Records from a data source:
● ● ●
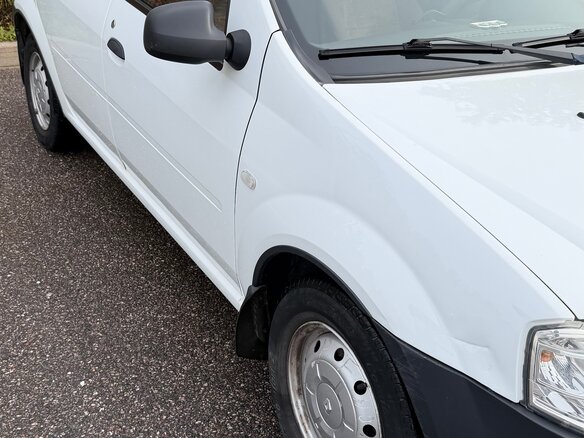 2011 Renault Logan I Рестайлинг, белый, 400000 рублей - вид 1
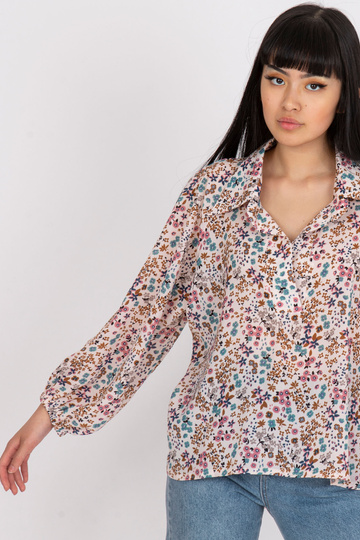 Smėlio spalvos erdvi...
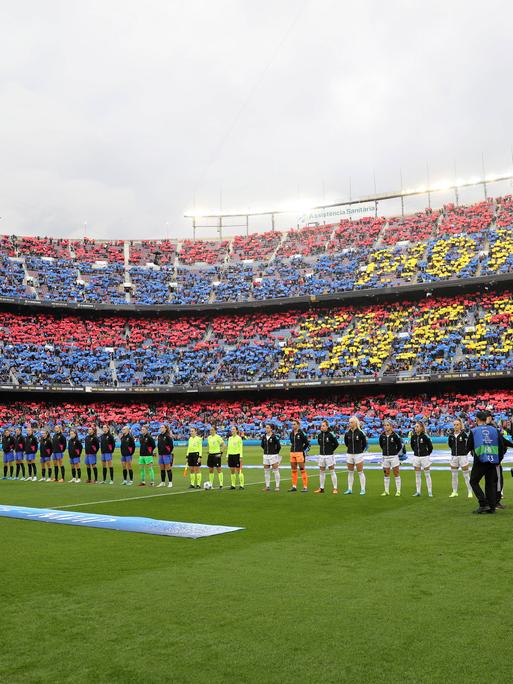Weltrekord: 91.553 Fans im Stadion Camp Nou beim Champions-League-Spiel der Frauen zwischen dem FC Barcelona und Real Madrid.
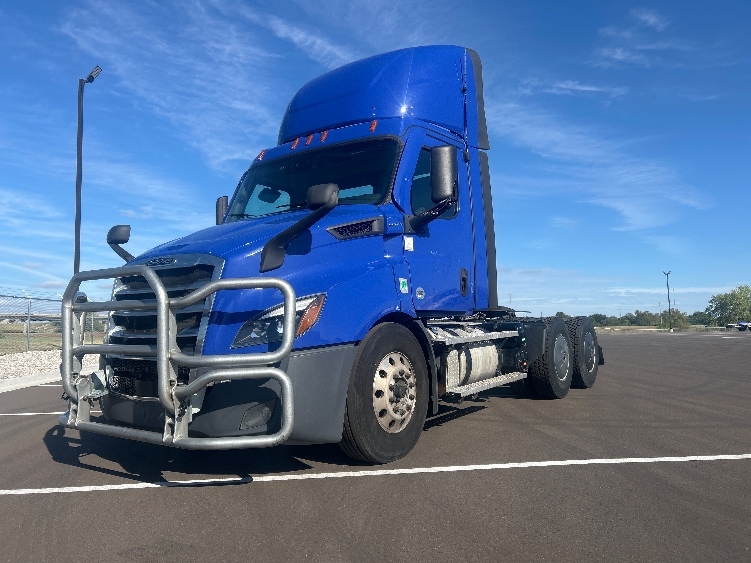 2021 Freightliner Cascadia in Wichita, KS — photo 3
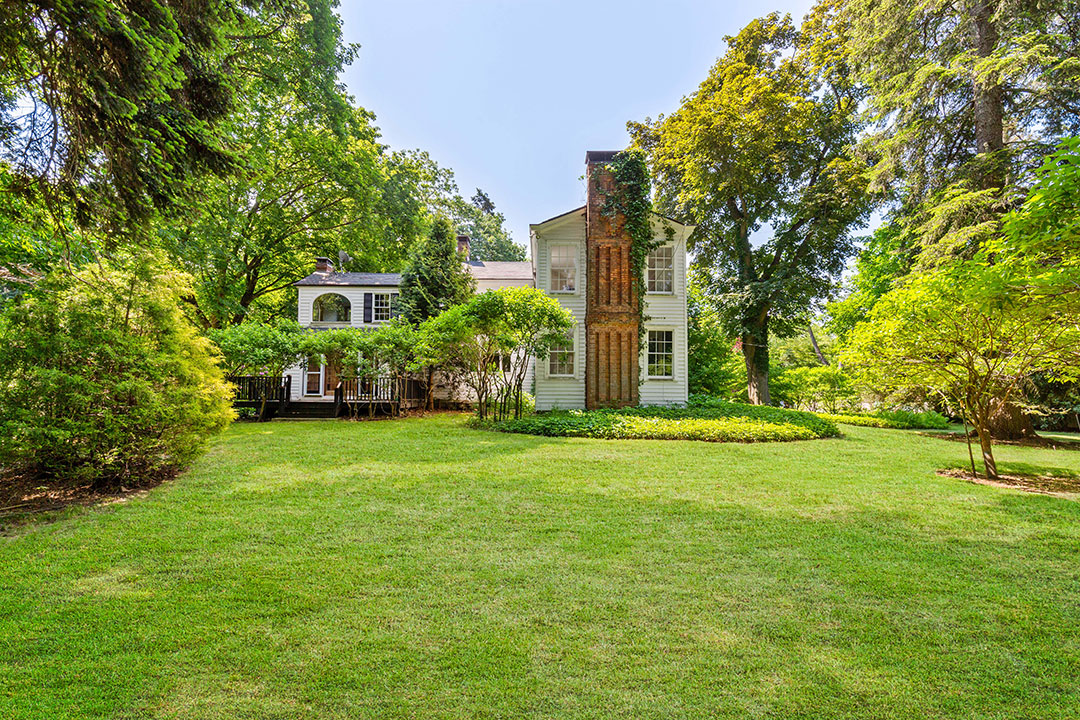 38 Andre Leon Talley Yard And House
● ● ●
Work task - Before you finish, make sure every line above has been repeated exactly and no picture remains in the copy.

Written response -
 2011 Renault Logan I Рестайлинг, белый, 400000 рублей - вид 1
 Smėlio spalvos erdvi...
Weltrekord: 91.553 Fans im Stadion Camp Nou beim Champions-League-Spiel der Frauen zwischen dem FC Barcelona und Real Madrid.
 2021 Freightliner Cascadia in Wichita, KS — photo 3
 38 Andre Leon Talley Yard And House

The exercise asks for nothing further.